Within hours of touching down at JFK, I learned that the killing (or, some insist, the murder) of Trayvon Martin in Deland, Florida, constituted that now-common spark that creates a blaze in the public sphere. As is so common when the insistent force of the image outruns mundane evidence, people were making forceful pronouncements, selectively parsing the facts of the incident. Trayvon was transformed from a Skittles-eating kid to a talking point. Anytime an adolescent dies, we should weep, but should we pounce?

As many have noted, from Attorney General Eric Holder on down, Americans have great difficulty – perhaps cowardice – in discussing the pathologies and the possibilities of racial contact. Even our president is palpably anxious behind his bully pulpit. So rather than discussing the broad structural challenges of race relations we often rely on idiosyncratic moments, often tragic ones: Bernard Goetz, the subway vigilante; the dragging death of James Byrd; the wilding attack on the Central Park jogger; and, of course, OJ. Now we discuss the shooting death of young African-American Trayvon Martin in a suburban gated community. Each of these instances is a rare and atypical moment, but they are magnified to reveal pervasive racial animosities and resentments. And frequently what we believe is at some remove from how the events evolved.

The jury is still out on Trayvon’s shooting, or perhaps with more accuracy the jury hasn’t yet been called in. But on that evening of February 26th, 17-year-old Trayvon, wearing a hoodie, was returning to his father’s home in a gated community in Deland, where neighborhood watch captain George Zimmerman noticed him and felt that he was acting suspiciously. As things transpired – we know not how, precisely – Trayvon died from a gunshot wound, and Zimmerman is in hiding, not arrested but under moral assault. With the details trickling out, the story became curiouser. Despite the reputation of gated communities as redoubts of the white elite, Zimmerman is Hispanic (sometimes snidely described as “white Hispanic”) and Trayvon’s father is black. Both reside in this gated community, which is perhaps a positive sign of a sort.

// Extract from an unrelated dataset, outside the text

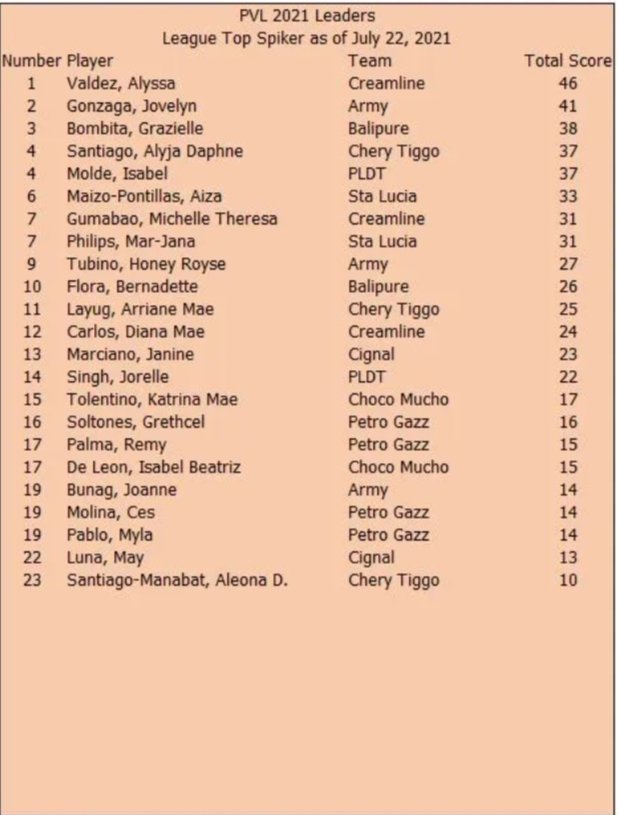 volleymentator's tweet photo. #PVL2021 Top Spiker as of July 22 2021.
@AlyssaValdez2 46 pts https://t.co/gkVB4yNs4Z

As information was released, neither Martin nor Zimmerman was a paragon. In 2005 Zimmerman was charged with resisting arrest with violence and battery on an officer, a charge that was dropped. Trayvon had been suspended several times from high school with indications of drug use and perhaps burglary. While this background does not determine what happened that February night, imperfection rules. Together the two created a complex puzzle.

Is this a case of “walking while black”: A harmless youth harassed, and then murdered, because of the symbolism of his hoodie and the pigment of his skin. Or was this an instance in which a wild youth threatened the tranquil order of a multi-racial community. These two are surrounded by others who attempted to use the incident for their own purposes. The filmmaker Spike Lee felt it his responsibility to tweet the (wrong) address for George Zimmerman, leading an elderly couple to fear for their lives. Al Sharpton and Jesse Jackson each hoped to boost their own sagging street cred. Ann Coulter for her part likened those who wanted justice for young Martin to the KKK. Gun rights advocates have weighed in, endorsing Florida’s Stand Your Ground law, permitting the use of deadly force.

These incidents misdirect us away from the deliberate consideration of our real racial divides. As we tell them, these are stories that are too good to be false. We trap ourselves when treating racial imaginaries as definitive accounts. As a parent myself, I recognize the anguish of Trayvon’s parents. Further, as a student of racial rumors (in my book with Patricia Turner, Whispers on the Color Line) I realize how difficult it is to avoid the desire to draw conclusions based on hunches. However, the debate over the linked fate of George Zimmerman and Trayvon Martin reveals our racial tensions at their most troubling. We would rather have our fantasy Martin and Zimmerman without waiting for the complex world to unspool. Perhaps the events of February 26 hold a mirror up to American race relations, but more surely the discussions since that Sunday do so. It is not the acts of Martin and Zimmerman that we need most to worry about, but the claims of those who struggle to fit these two into Procrustean boxes of their own design.